9. VAT transfer scheme

If pursuant to the Amendment of the Turnover Tax Implementation Decree 1968 (Royal Decree dated 19 June 1982, Bulletin of Acts, Orders and Decrees 357) the transfer of taxation scheme relating to turnover tax applies, the customer must inform Sentech hereof in writing when making the assignment. In the event of failure to do so Sentech is entitled to recover the turnover tax to be paid from the customer or set it off against a claim of the customer.

10. Force majeure

Defaults in the performance by Sentech shall not be attributed to Sentech if they are not Sentech’s fault and under Dutch law they should not be at Sentech’s expense. In no case shall they be attributed to Sentech if they are caused due to unforeseen facts and circumstances, including of an economic nature, arising beyond the control of actions of Sentech, such as, inter alia, serious disruptions in operations, enforced downsizing of production, strikes and lock-outs, both at Sentech and at supply companies, war, hostilities, state of siege, mobilisation, be such in the Netherlands or in any other country where any sites of Sentech or of supply companies are based, delays in transport or delayed or erroneous delivery of goods or materials or parts by third parties.

11. Guarantee

Sentech guarantees, for a period of 12 months after delivery, that a delivery will comply with that which is described in Article 5 of these conditions, unless (1) it concerns a product that is consumed and is thus subject to wear, (2) it is apparent from the nature of the product that it cannot be expected to function for a period of 12 months, or (3) the parties agree otherwise. If the customer makes a justified claim under the guarantee Sentech will rectify the work to be performed or goods to be supplied, at its own discretion, or still perform/deliver as agreed. Insofar as Sentech has delivered goods to the customer under guarantee, all obligations of Sentech ensuing from such guarantee shall lapse if errors, defects or inaccuracies in respect of said goods are the result of inaccurate, careless or inexpert use or management of said goods or if they are the result of external causes such as fire or water damage, or if the customer or a third party has made changes to the goods delivered by Sentech without Sentech’s permission. If the customer bases a claim on any guarantee scheme which has been agreed but such claim subsequently turns out to be unfounded, Sentech has the right to charge the customer for the work and the costs of research and repair which Sentech put in pursuant to such claim in conformity with its usual rates.

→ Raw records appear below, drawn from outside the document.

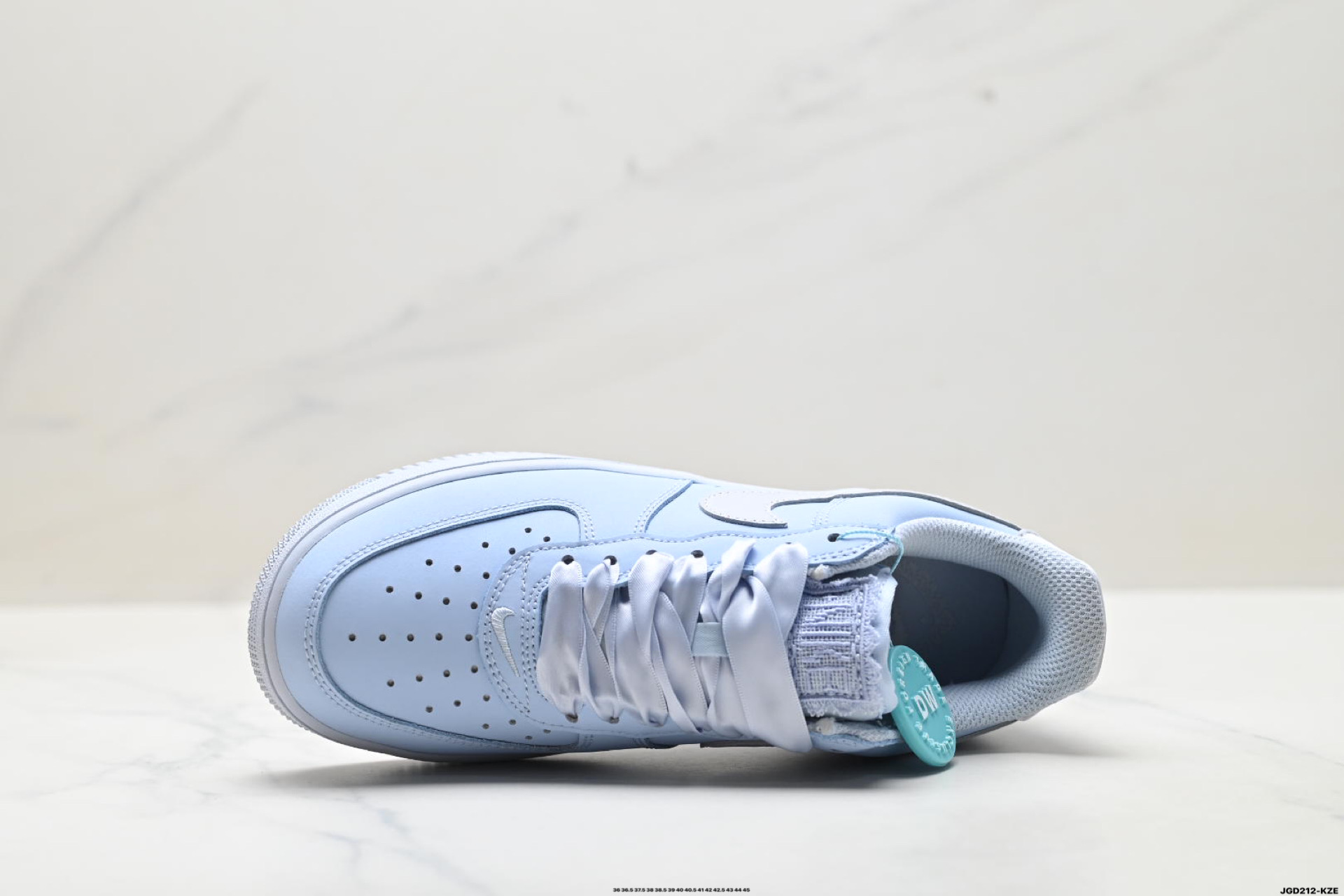 NIKE AIR FORCE 1‘07 lR0871-400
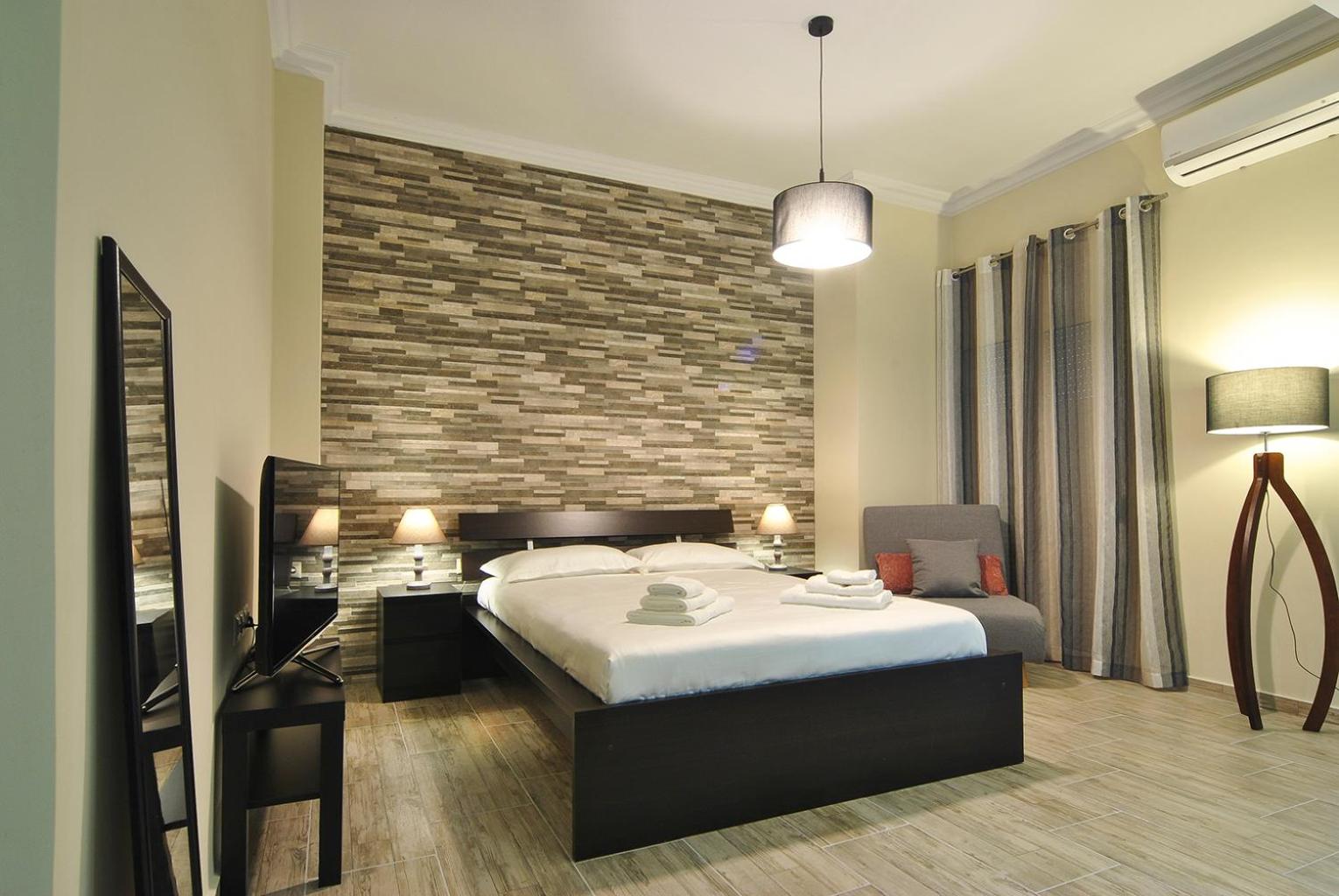 One-Bedroom Apartment - Photo 5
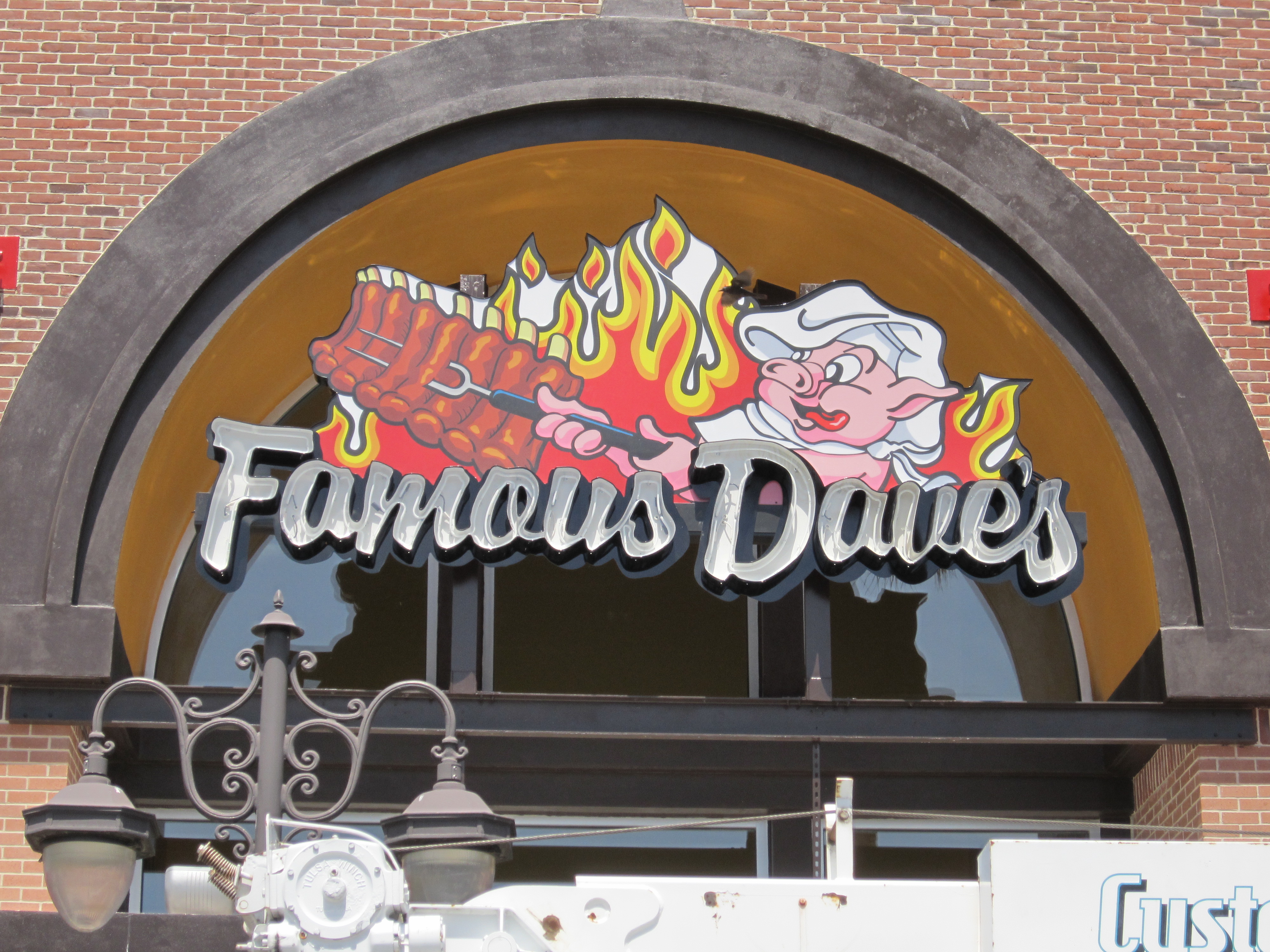 Famous Dave's, Estero, FL by Lee Designs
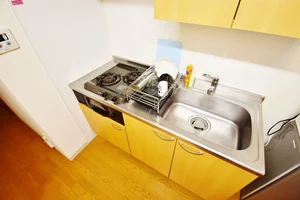 Kマンスリー岡山城前【岡山駅東口前】のキッチン画像。お鍋、食器、お箸、お玉、フライパン、ケトルなど調理器具は完備。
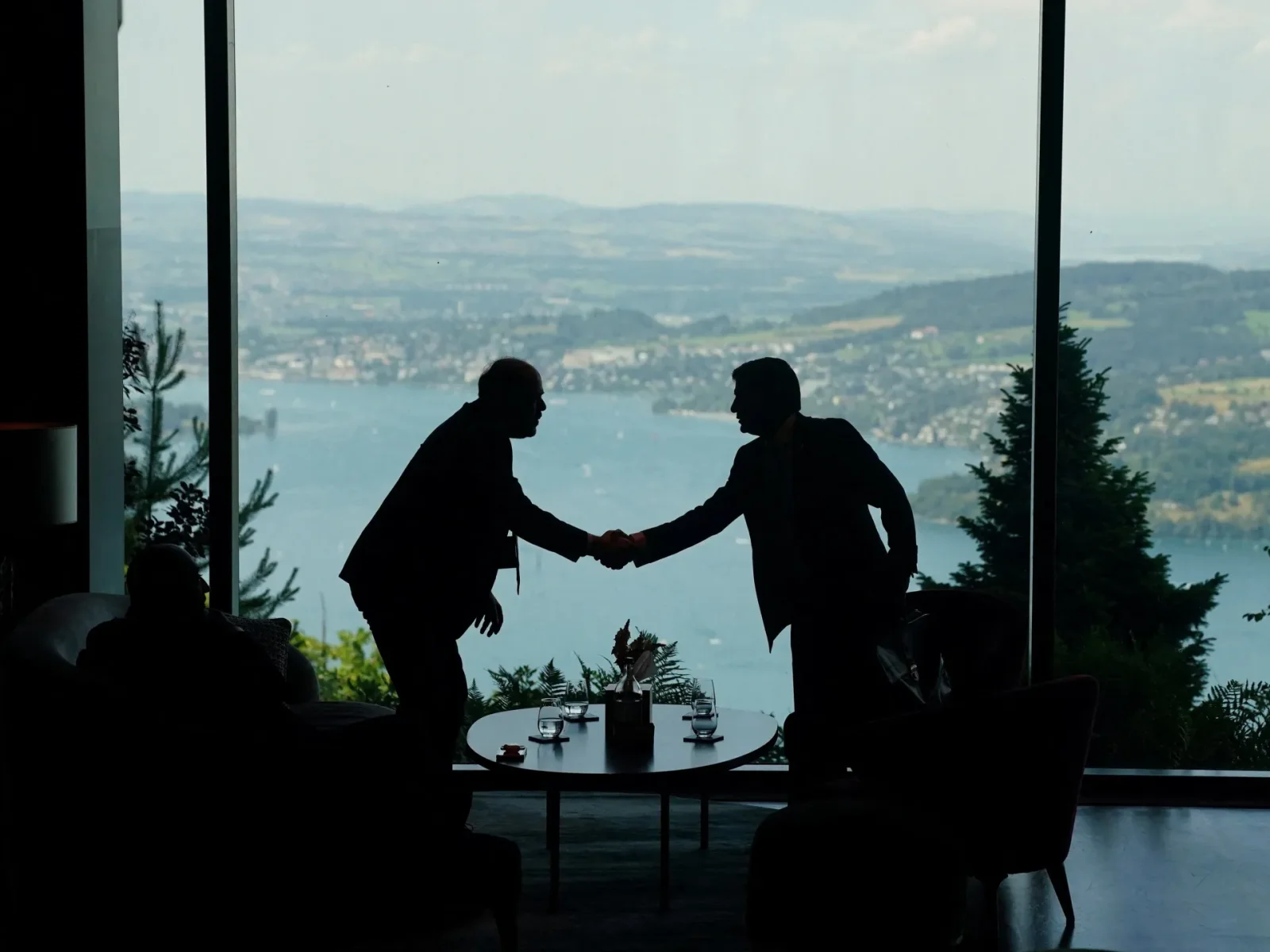 Swiss Talks Outline 60-Day Path to Iran-US Deal, Add Lebanon De-confliction Cell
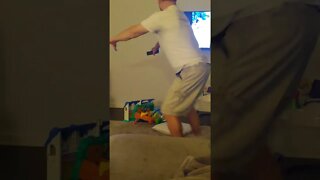 Dad Dancing to Twinnem!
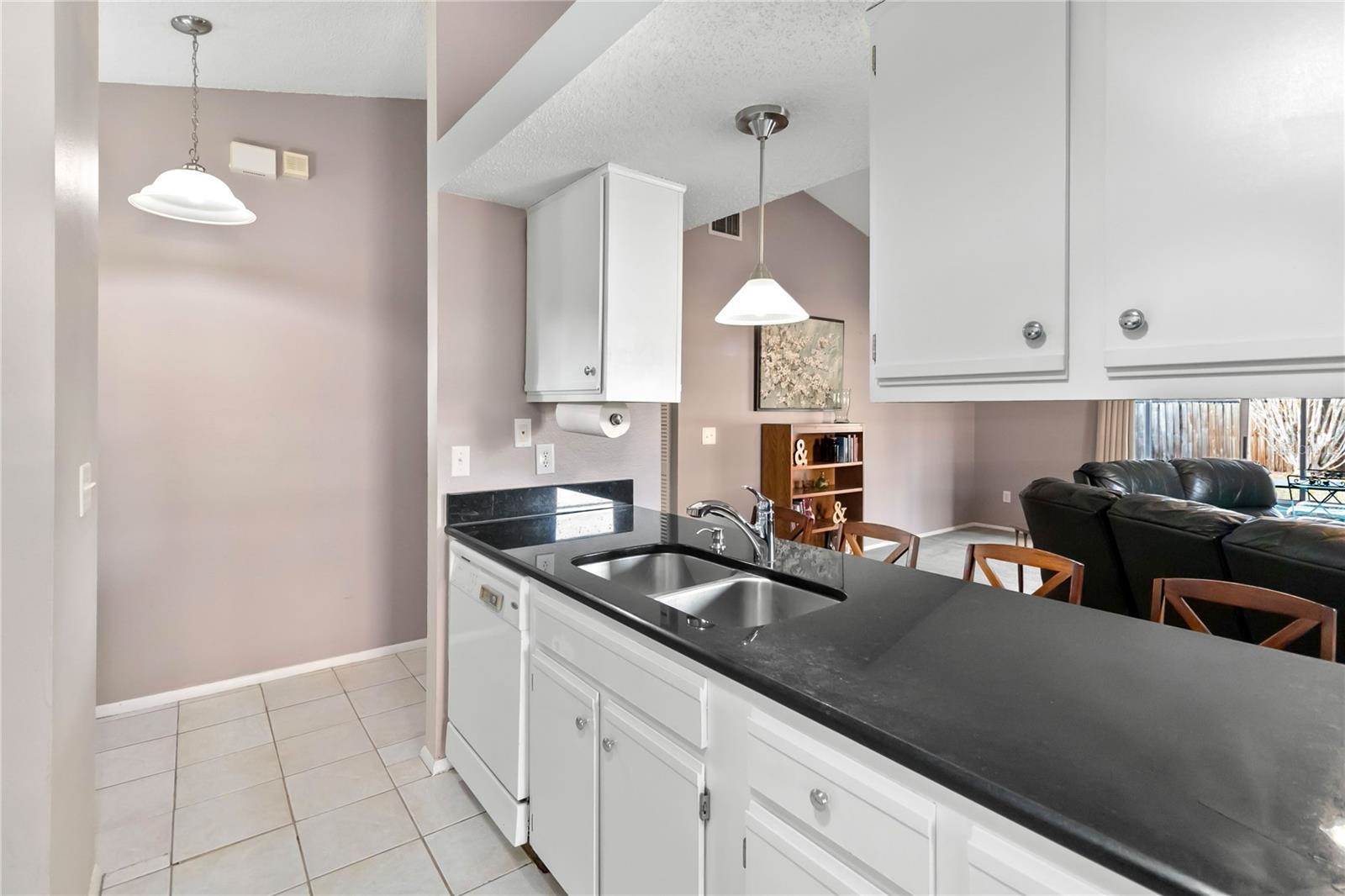 8024 Lesia Circle, Orlando, FL 32835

12. Test products, samples, prototypes, etc.

If Sentech and the customer have agreed delivery of a (half-)product on trial or delivery of a test version of a product, the customer must inspect whether said product meets all requirements in the shortest possible term. Insofar as such is not the case in the customer’s opinion, at latest on the seventh day after Sentech has made the product available, the customer must inform Sentech in writing as to exactly what shortcomings have been noted and in what way the customer came to this conclusion. The customer shall give a precise description of the test procedure he applied. The customer shall then return the product immediately to Sentech, undamaged. The return shipment shall be at the expense and risk of the customer, unless explicitly agreed otherwise. Subject to the aforementioned timely written notice by the customer, as of the first moment the product in question is made available to the customer it is to be deemed sound, delivered and accepted. As of that time the customer shall irrevocably owe the purchase price. If the aforementioned notice is given, but it then turns out at any time that in reality the alleged default does not exist, or if the customer does not perform his obligation to see to the immediate return shipment of the product, undamaged, the product in question is to be deemed sound, delivered and accepted.

13. Liability

Sentech is only liable for damage which the customer suffers as a result of default of Sentech on the performance of the contract if such damage is the result of intent or deliberate recklessness on the part of Sentech. The total liability of Sentech relating to any default on the performance of the contract between Sentech and the customer shall in all cases be limited to compensation of direct damage and to a maximum of the contract price (exclusive of VAT) agreed for that contract. Direct damage as referred to in the preceding provision exclusively means: (a) the reasonable costs to determine the cause and the scope of the damage, insofar as such determination relates to damage as referred to in these Conditions; (b) any reasonable costs made to effect that Sentech’s faulty performance corresponds with the contract, unless such cannot be attributed to Sentech; (c) reasonable costs which have been made to prevent or limit the direct damage. Sentech is not liable under the provisions of the preceding paragraph if and insofar as the customer has taken out insurance against the relevant damage or could have taken out reasonable insurance. Sentech is never liable for indirect damage, including consequential damage, lost profit, missed savings and loss of profits. Insofar as Sentech uses the services of third parties for the performance of this agreement and these third parties have limited their liability, all assignments awarded to Sentech include the authority to accept such liability limitations on behalf of the customer.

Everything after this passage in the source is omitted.